Thoma: Ich kann zu der Konstellation von "Fischer" und "Sport 2000" nur das wiedergeben, was ich höre, da ich deren Verträge nicht kenne. Nach den Aussagen zufolge hat eine neue Zwei-Mann-Agentur versucht, über eine Lizenz von "Fischer" mit denselben Produktionsmitteln eine Zweitmarke aufzubauen. "Sport 2000" ist nach den Prüfungen zufolge kein Hersteller mit Produktionsanlagen. Es sind wohl normale "Fischer"-Skier mit anderem Dekor und sie haben nicht die Produktionsanlagen von "Fischer" abgekauft, was man daran erkennen kann, dass es ja auch noch den "Fischer"-Sprungski gibt. Bei Sprungskiern kann es nur eine Marke pro Hersteller und Produktion geben. Genau das hat "Fluege.de" mit der ehemaligen Firma Germina (S.K.I.) anders gemacht. Dort wurden die gesamten Produktionsanlagen übernommen. Es werden nur noch "Fluege.de"-Sprungski hergestellt und keine "Germina" mehr. Demnach darf der Hersteller mit seinem Eigenprodukt werben.
Diese FIS-Regularien dienen vor allem zum Schutz der Hersteller. Ein Skihersteller könnte sonst viele Lizenzen vergeben und unter mehreren Marken Skier herstellen, was natürlich nicht im Sinne der Werbevorschriften der FIS und des IOC wäre. Dazu kommt, dass die Nachwuchsförderung auf der Strecke bleibt, da die Lizenznehmer natürlich nur am Weltcup interessiert wären. Es kann aber sein, dass die FIS diese Einschränkung in Zukunft lockert. Die Gefahr dabei ist, dass ein Marke durch den Verkauf der Lizenzen soviel Geld verdient, dass kleinere Skifirmen mit wenigen Sportlern den Kampf verlieren. Die Folge ist ein Monopol.

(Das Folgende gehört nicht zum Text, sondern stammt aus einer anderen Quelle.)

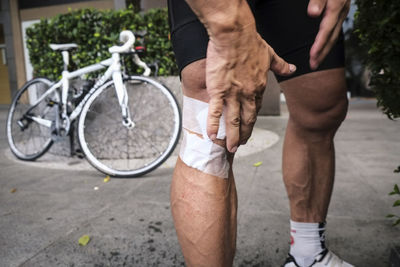 Low section of man with bicycle on street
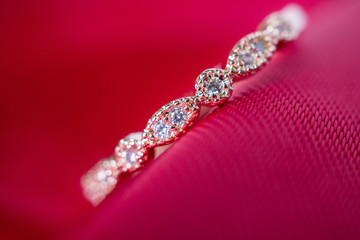Jewelry luxury pink gold ring with sapphire gemstone on red fabric texture background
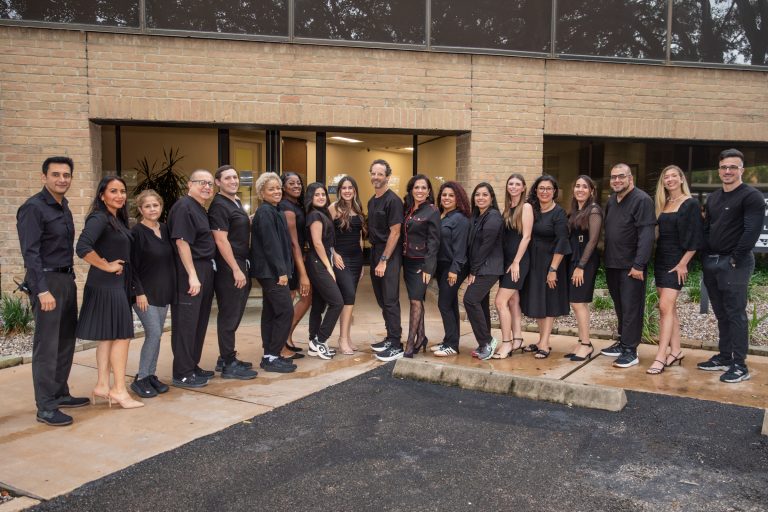 Group of professionals in black attire outside office building in Houston.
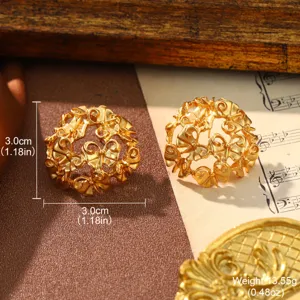 Detailed macro shot of vintage gold filigree stud earrings with intricate ribbon bow motifs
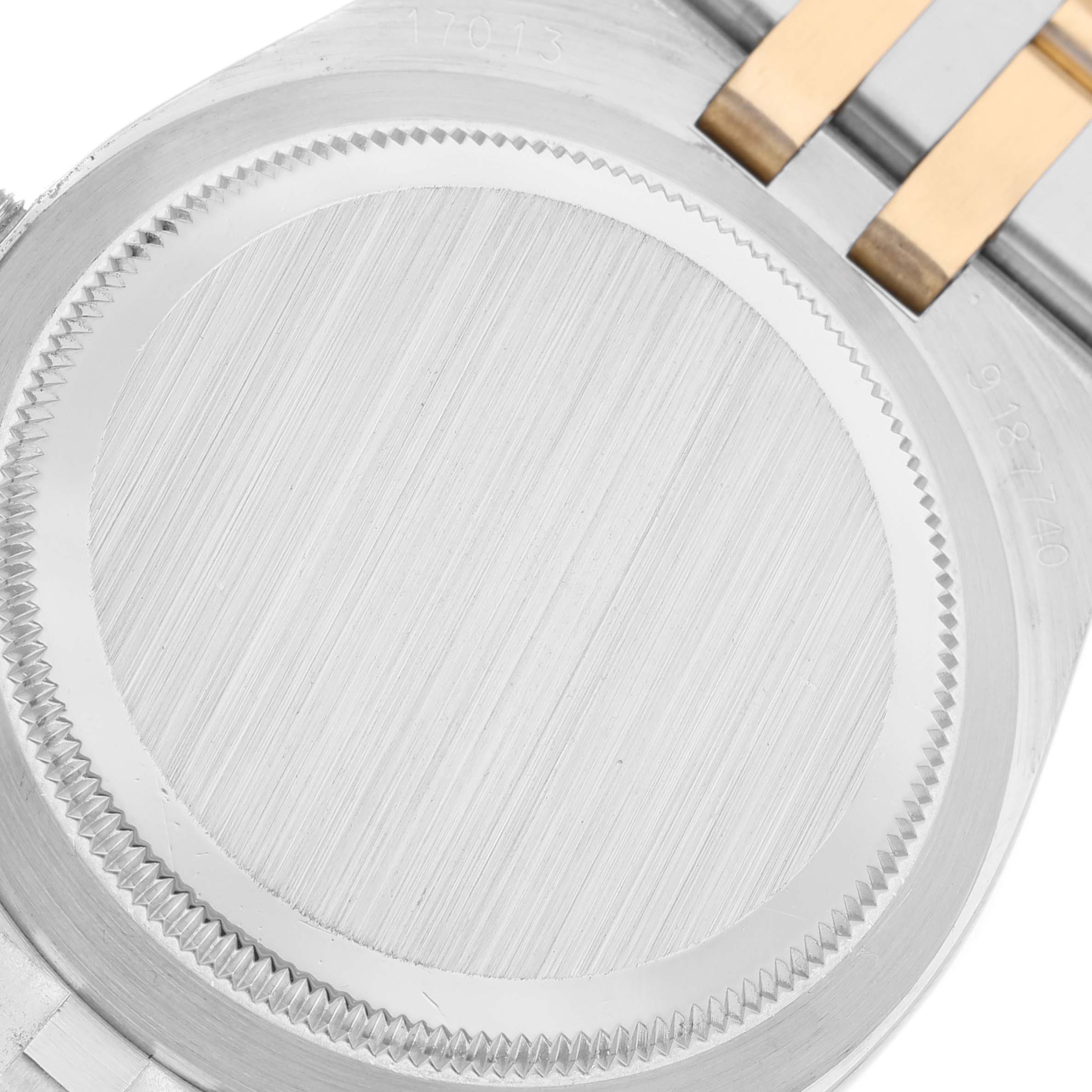 This image shows the back case of a Rolex Oysterquartz 17013 Men's Steel and Gold (two tone) Champagne Dial 17013 Men's Steel and Gold (two tone) Champagne Dial watch, focusing on its silver and gold detailing.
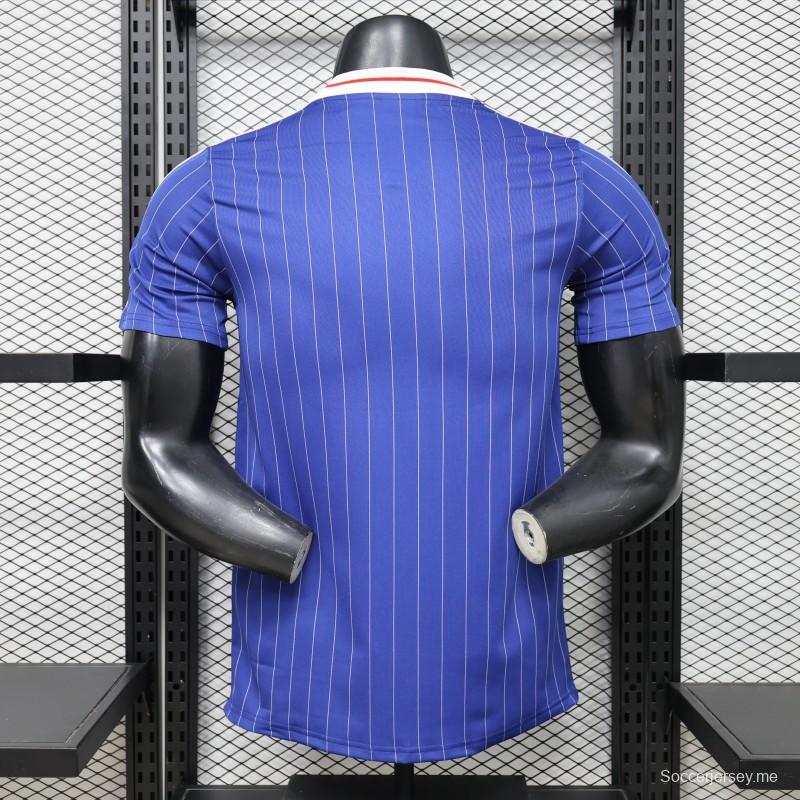 قميص اللاعب الإصدار 2026 باللون الأزرق الياباني مع أيقونات "تراس" باللون الأبيض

"Schauen, was der Harry Potter auf Lager hat"
Bleiben wir beim Thema Material: Simon Ammann hat mehr oder weniger angekündigt, bei der Vierschanzentournee mit einer neuen Bindung zu starten und für eine ähnliche Überraschung wie bei den Olympischen Spielen zu sorgen. Denken Sie, dass ihm der technische Vorsprung weiterhelfen wird?

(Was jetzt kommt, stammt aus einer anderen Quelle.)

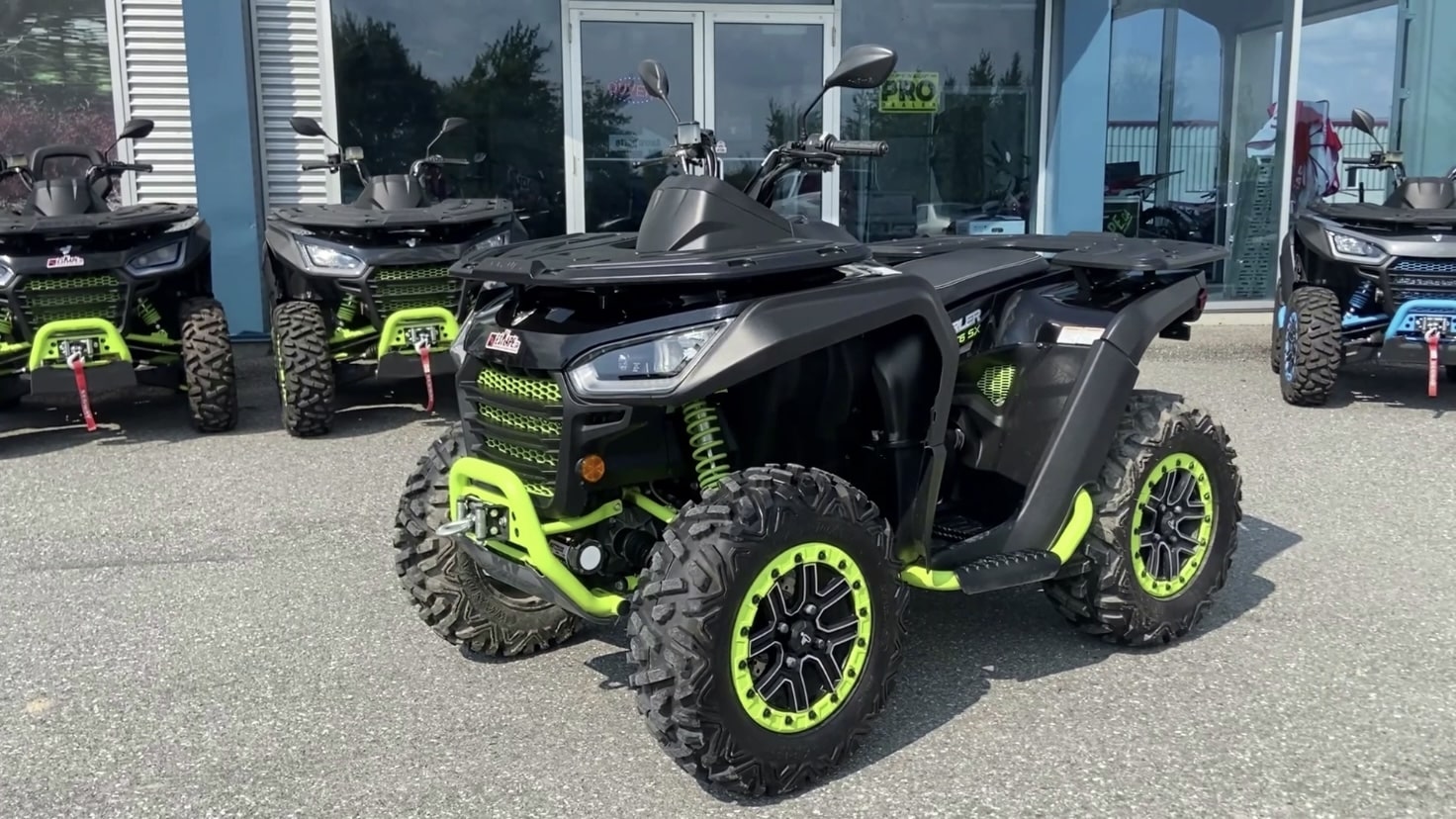 Several black and green Snarler AT6 Segway ATVs on display outside a store.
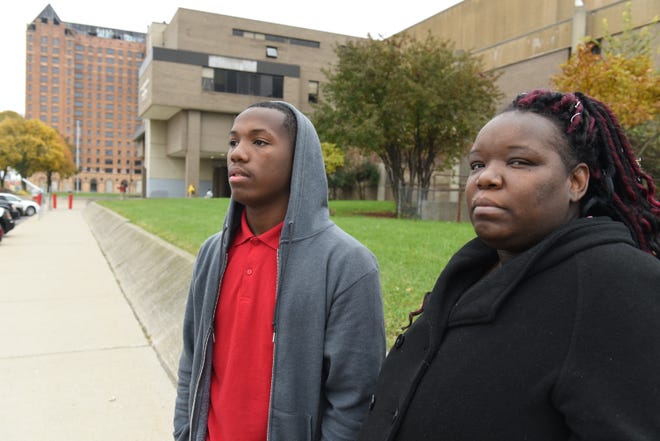 Venus Loving had only days to find a new school for her son Olonzo Prescott, 17, a high school senior, after Delta Preparatory Academy closed in September.   They chose Detroit Collegiate Preparatory High School at Northwestern (in background).
 Max Ortiz, The Detroit News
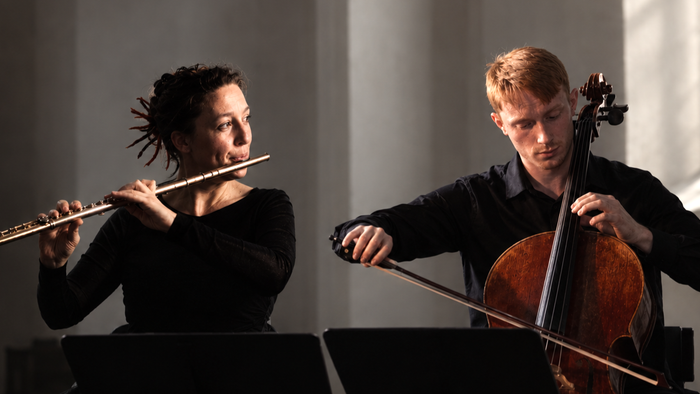 To musikere, der optræder sammen, den ene spiller fløjte og den anden cello i en svagt oplyst koncertscene.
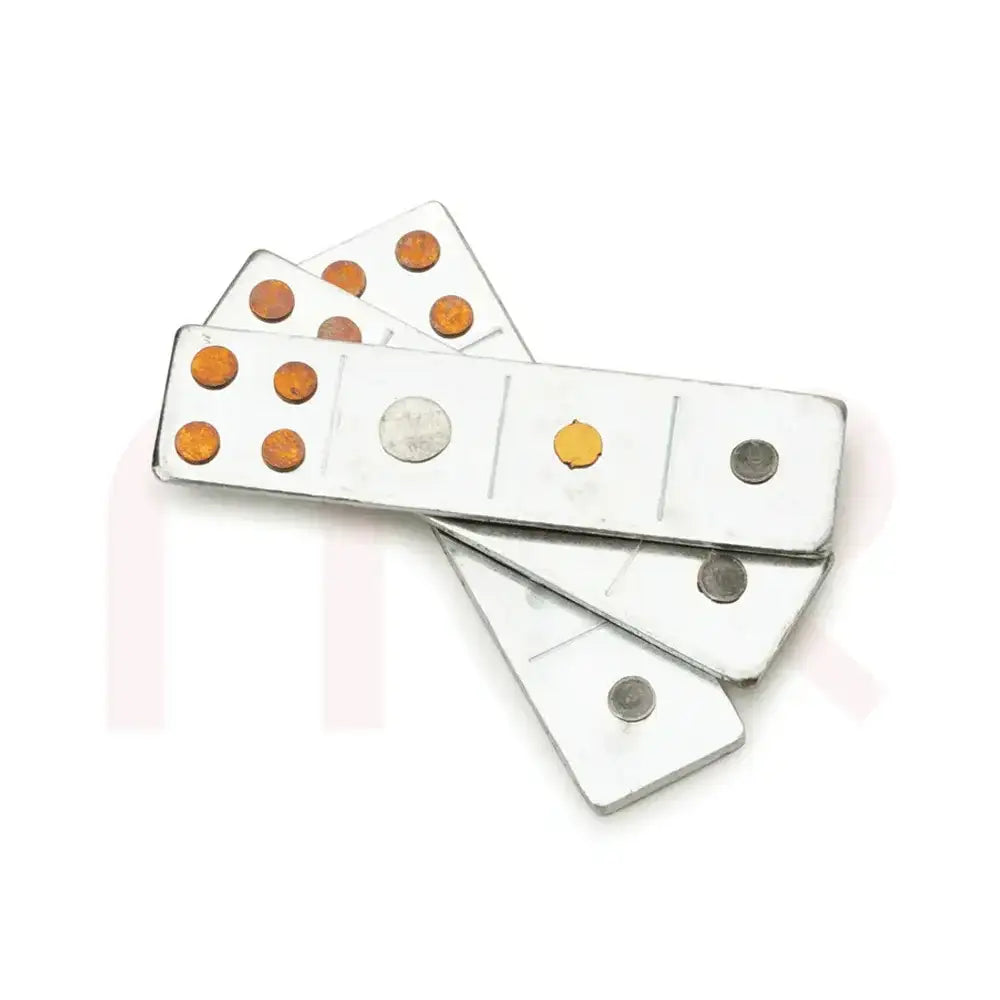 Silver metal strips with copper and brass dots for Maha Vastu remedies.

Thoma: Das wird sehr interessant. Ich weiß auch, dass er wieder etwas Neues hat, ich weiß allerdings nicht, ob er es bei der Tournee oder erst bei der WM auspacken wird. Aber Weltmeister ist er schon, Vierschanzentournee-Sieger möchte er werden. Das wird sehr spannend. Allerdings ist es so, dass er mit dem krummen Bindungsstab in der letzten Saison zwar einen Vorteil gegenüber der Konkurrenz hatte, man aber nicht vegessen sollte, dass er auch im Vorfeld ohne diesen Stab die Weltcupspringen gewonnen hat. Momentan läuft bei ihm der Sprung noch nicht so rund. Seine Sprünge waren bis jetzt nicht ganz auf dem allerhöchsten Niveau. Man darf ihn allerdings nie unterschätzen und ich bin davon überzeugt, dass er bei der Vierschanzentournee deutlich gestärkt kommt. Mal schauen, was der Harry Potter dann wieder auf Lager hat (lacht).
Viele Experten befürchten eine negative Entwicklung im Gewichtsbereich aufgrund der neuen Bindung, die es einigen möglich macht, mit kürzeren Skiern zu springen. Was meinen Sie zu dem Thema?

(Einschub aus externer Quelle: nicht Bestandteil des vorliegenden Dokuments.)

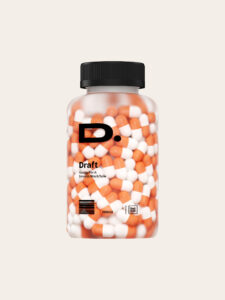 Capsule jar with orange and white pills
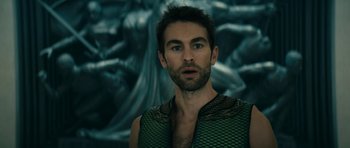 Movie still from “The Boys” (2019), created by Eric Kripke – A person wearing a vest and looking at the camera; Close Up shot, Over the shoulder angle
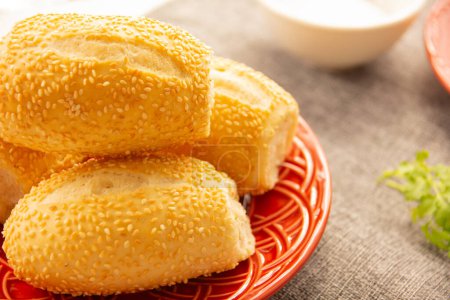 "French bread" with sesame seeds traditional Brazilian bread in a red plate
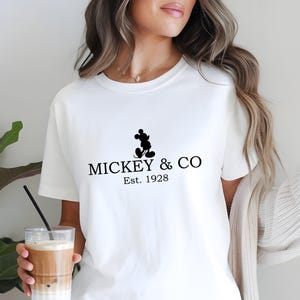 May include: White t-shirt featuring a black Mickey Mouse silhouette and the text "MICKEY & CO Est. 1928". The shirt is a classic crew neck style.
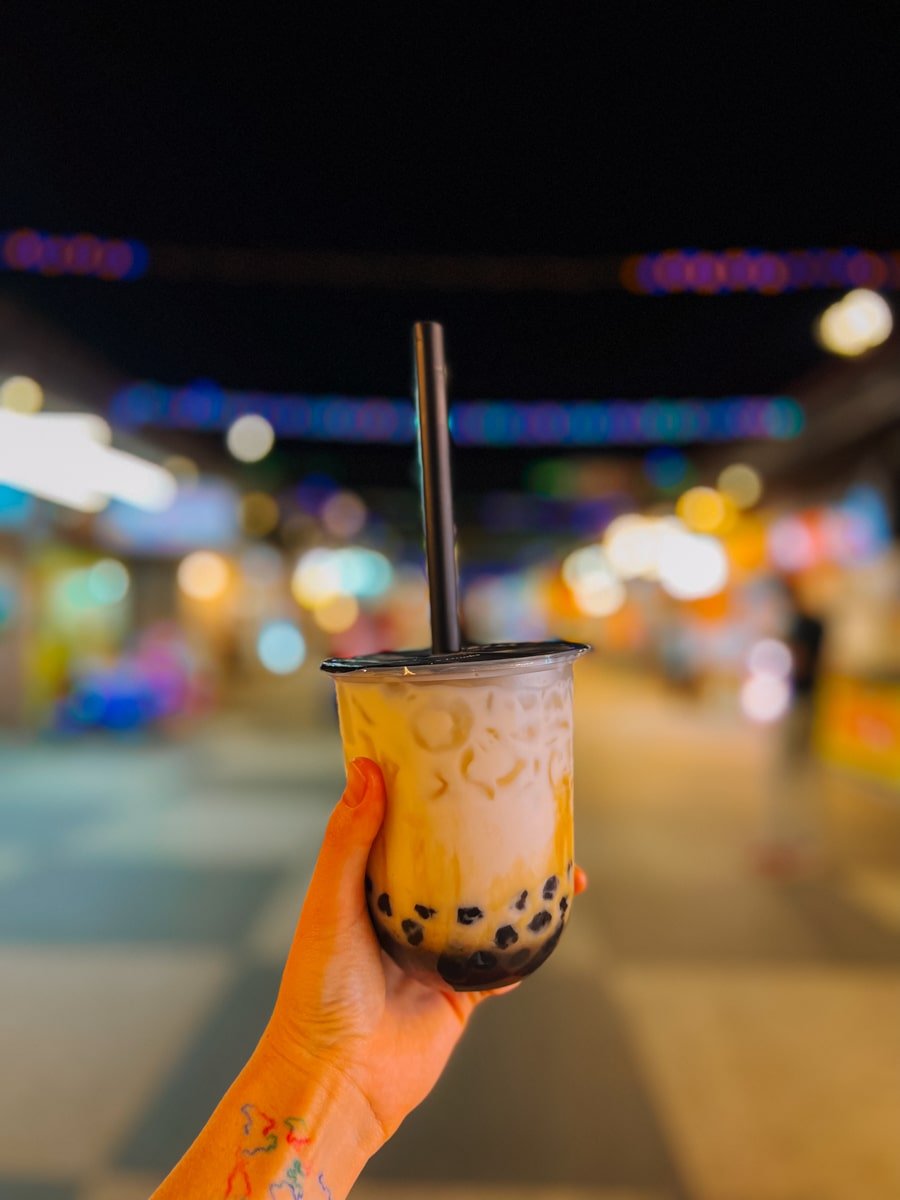 Woman holding up Pearl Bubble Tea at Dongdamen Night Market in Hualien, Taiwan.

Thoma: Es gab diese Tendenz im Sommer. Man hat es ja vor allem an den Polen gesehen. Ich habe das Thema auch mit Walter Hofer besprochen und er meinte, dass sich das von ganz alleine regeln kann. Ich denke auch, dass zu leichte Springer langfristig weniger Substanz haben und das rechnet sich mit den kürzeren Skiern nicht mehr. Das System funktioniert nicht, weil die Absprungkraft fehlt und sich die Regenerationszeiten verlängern. Man kann so vielleicht über einen kurzen Zeitraum Erfolg haben, wie man ja auch im Sommer gesehen hat, aber nicht längerfristig mithalten. Im Moment sind diejenigen vorne, die sehr absprungkräftig sind und auch, soweit ich weiß, annähernd die maximale Skilänge ausnutzen. Im Sommer hat es funktioniert, im Winter derzeit nicht. Trotzdem muss man abwarten, ob und wie die FIS im nächsten Jahr mit neuen Regularien womöglich darauf reagiert.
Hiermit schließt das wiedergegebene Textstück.